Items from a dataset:
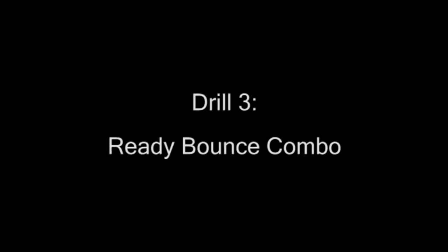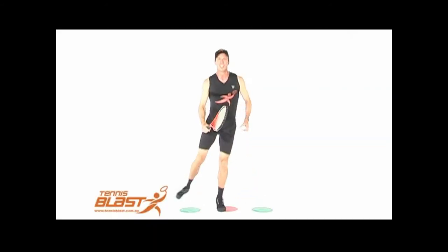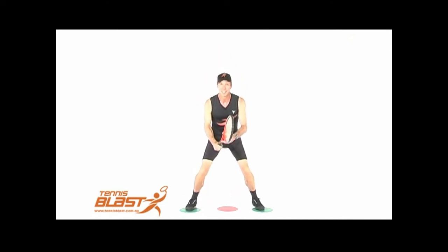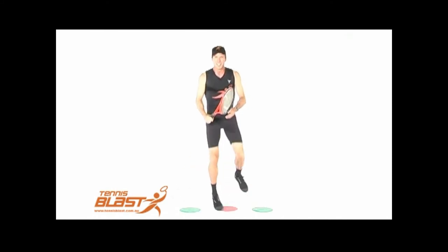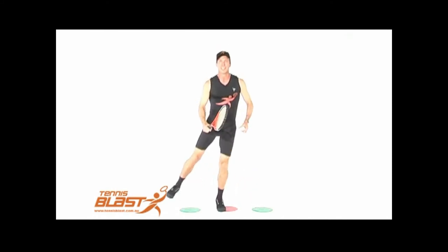Ready bounce combo. Now we put the ready steps and the bounce steps together into one drill, so we can synchronize the two together and get comfortable with both of these movements, which are so crucial for later on in the program.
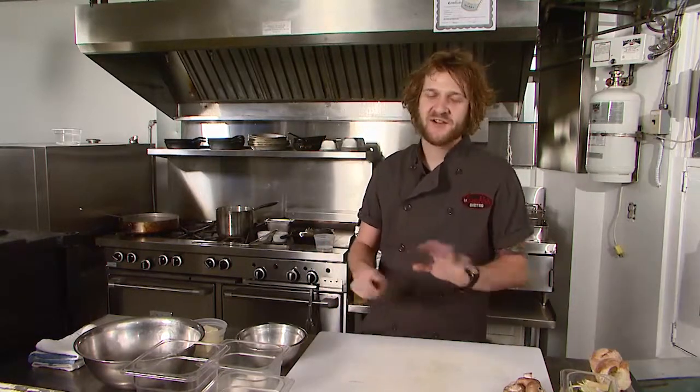Today I'm here to show you how to make the brunch classic, eggs benedict. I'm going to show you how to make a classic hollandaise sauce, how to properly poach an egg so it's nice and soft and runny, and how to prepare some vegetables and bread to go with it as well.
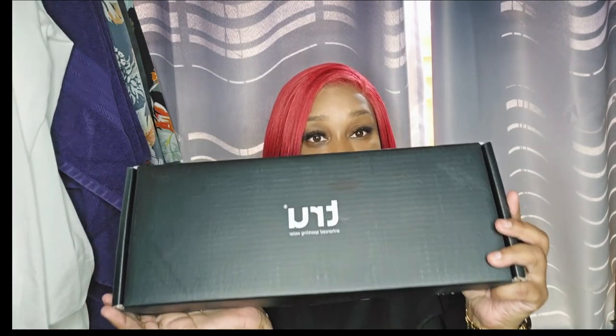This is not a paid sponsorship — I actually wanted to try their stuff, so I reached out to them. It is called True Enhanced Sparkling Water. First of all, kudos to the packaging.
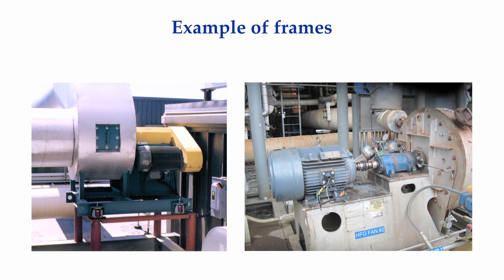Shown here is an example of a frame. Frames are typically constructed from structural steel such as angle or channel iron or plate. The parts are welded together to construct the frame. The frame is then bolted to the building structure, like the belt-driven fan on the left, or attached to a concrete slab or foundation via anchor bolts, like the direct drive fan on the right.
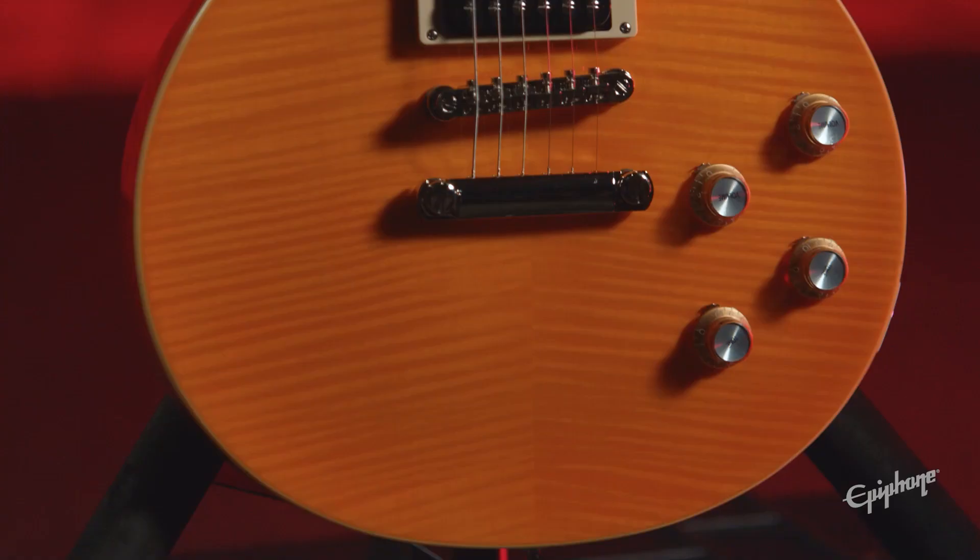Whether you're a Slash fan looking to achieve classic sounds heard on recordings throughout his career, or simply need a solid and true Les Paul to rock that creative inspiration live, at home, or in the studio, rest assured you can do it here while retaining quality and not breaking the bank.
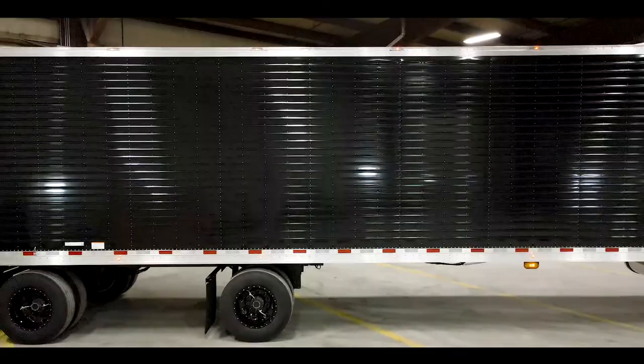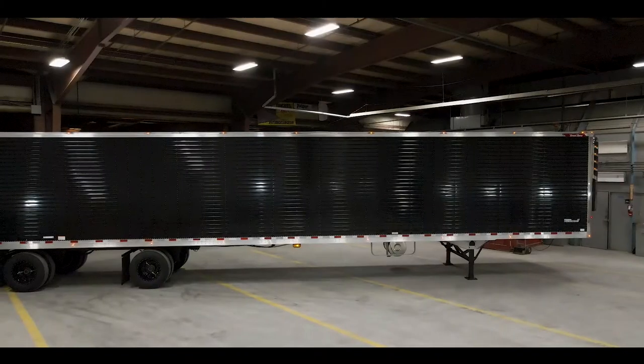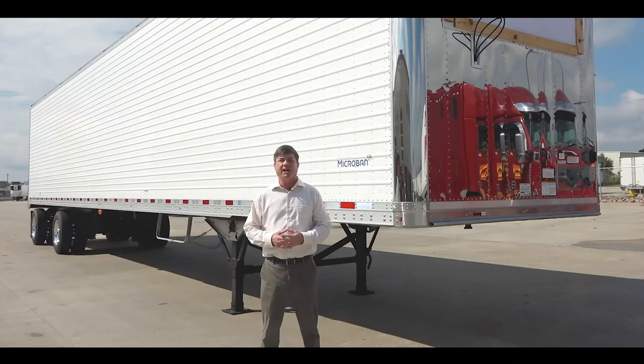We also have what we call the Black Pearl. It has black four inch corrugated panels. Please reach out to your nearest Jim Hawk location for more details.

(What the task requires): Give again, word for word, the line containing "Whether you're a" and every line after it to the end of the records; leave out the pictures.

(Worked solution):
Whether you're a Slash fan looking to achieve classic sounds heard on recordings throughout his career, or simply need a solid and true Les Paul to rock that creative inspiration live, at home, or in the studio, rest assured you can do it here while retaining quality and not breaking the bank.
We also have what we call the Black Pearl. It has black four inch corrugated panels. Please reach out to your nearest Jim Hawk location for more details.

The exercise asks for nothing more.